Thanksgiving statue from the March 1960 Gazette and Daily
Thanksgiving statue from the March 1960 Gazette and Daily





















You might have noticed, in person or on the news, that the Thanksgiving historical marker, across from the York County Administrative Center on East Market Street has been recently refurbished. It was first erected by the National Thanksgiving Foundation and other historical organizations to commemorate the Thanksgiving proclaimed while Congress was meeting here in York. It was spurred by the victory over the British at Saratoga, giving hope at a bleak time in our history.

"Singing Thanksgiving" from March 1960 Gazette and Daily
“Singing Thanksgiving” from March 1960 Gazette and Daily




















My favorite York County Thanksgiving objects have always been the black walnut statues, now at the East York post office.  They were originally at the imposing York post office at the corner of George and Princess streets, but were moved to East York when the downtown building was closed. My January 2009 column below on the regional art competition that spurred the statues is below.  It was written in early 2009, as the massive downtown York post office was preparing to close, but before it was announced what would become of the statues.

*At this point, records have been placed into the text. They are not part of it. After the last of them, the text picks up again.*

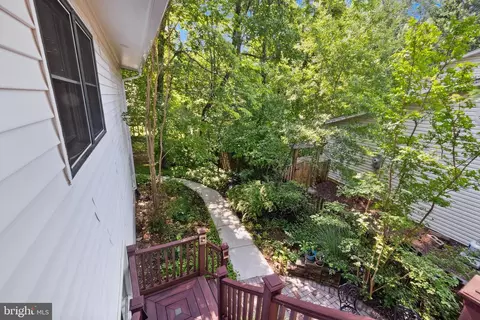 8819 Arley Dr, Springfield, VA 22153 photo 38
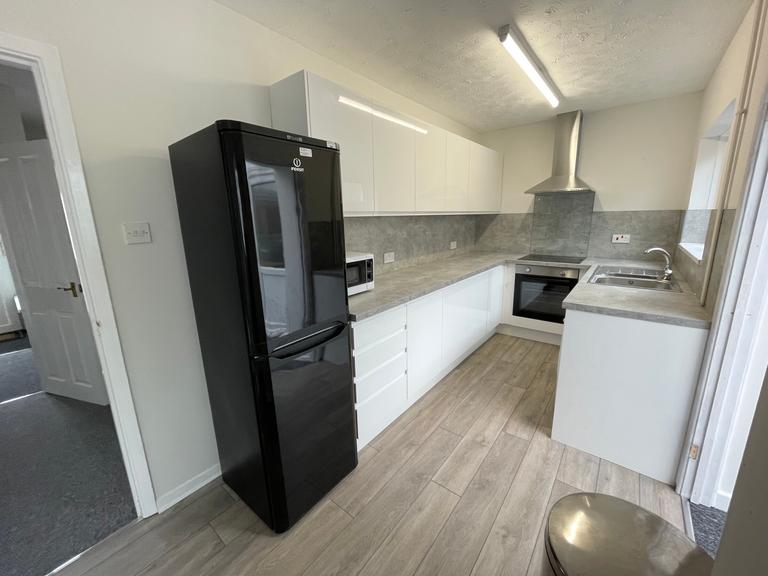 3 bedroom house for rent New Mill, Swansea, SA2 8PB UniHomes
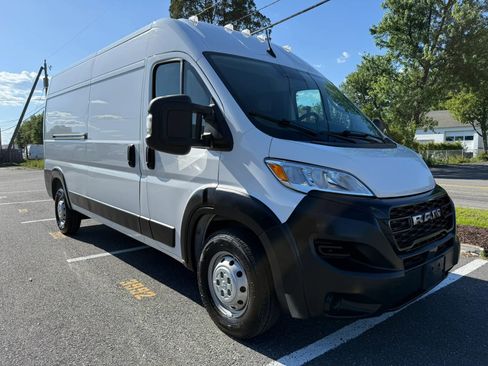 Used 2023 RAM ProMaster 2500 FWD image 2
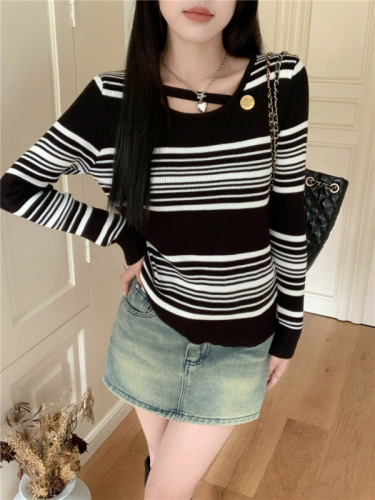 Actual price, western style, discreet, temperament, striped long-sleeved sweater for women, slim fit inner top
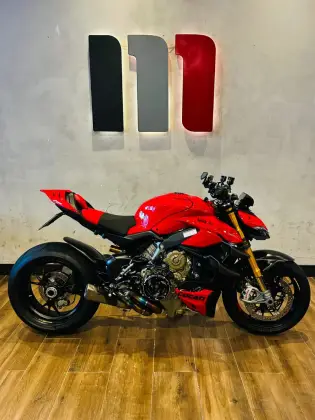 DUCATI STREETFIGHTER V4 S DUCATI STREETFIGHTER V4 S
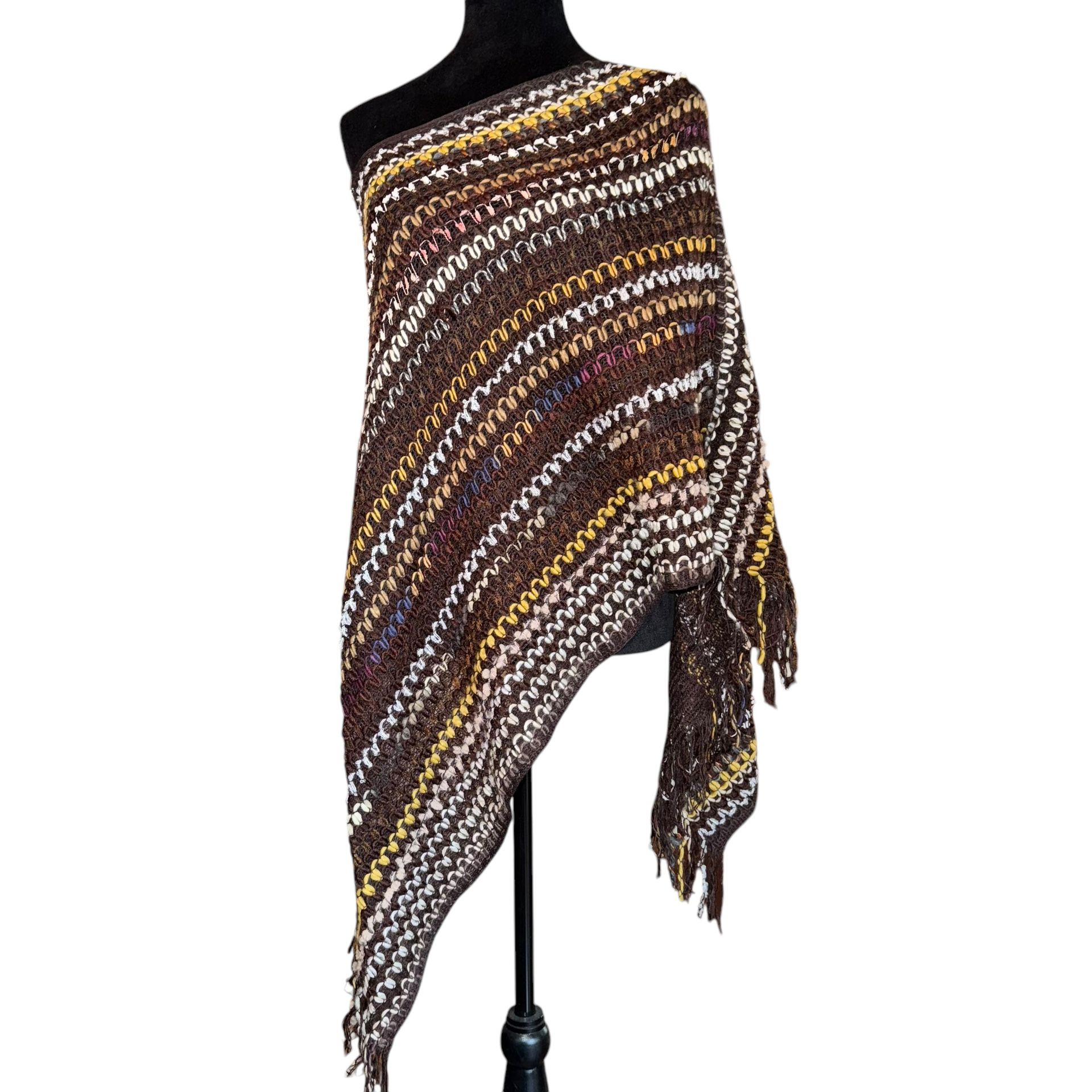 Boho Cloak Shawl Cape  Shawl Triangular Shawl Wraps For Women New OSFM   Wrap yourself in the effortless charm of our Boho Cloak Shawl Cape, a versati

York Post Office Statues Underappreciated Works of Art

It sounds like one of these days that the downtown York post office, a beautiful building both inside and out, isn’t going to be a post office any more. That brings up the question once again as to what will happen to the two striking statutes that loom over eight feet tall on either side of the main entrance.

The artistic competition in 1941 that produced these sculptures was a really big deal. Administered by the Section of Fine Arts, Public Buildings Administration, Federal Works Agency, it was open to any American sculptor from Pennsylvania, New Jersey, New York and the six New England states.

Instructions were quite precise for each of the two proposed six feet tall works to be cast in bronze. Each sculptor was to submit an untinted or patinated plaster model in the scale of two inches to one foot. Each initial model had to be accompanied by a drawing in the same scale as well as an eight by ten photo of the model. Models were not to be signed, to ensure unbiased judging. Each model, drawing and photo set was accompanied by a plain envelope with the sculptor’s name and address inside on a three by five inch card, which would be opened after judging and approval by the Section of Fine Arts. If a sculptor wanted to submit more than one entry, he or she did not have to present a model for the second, just a drawing.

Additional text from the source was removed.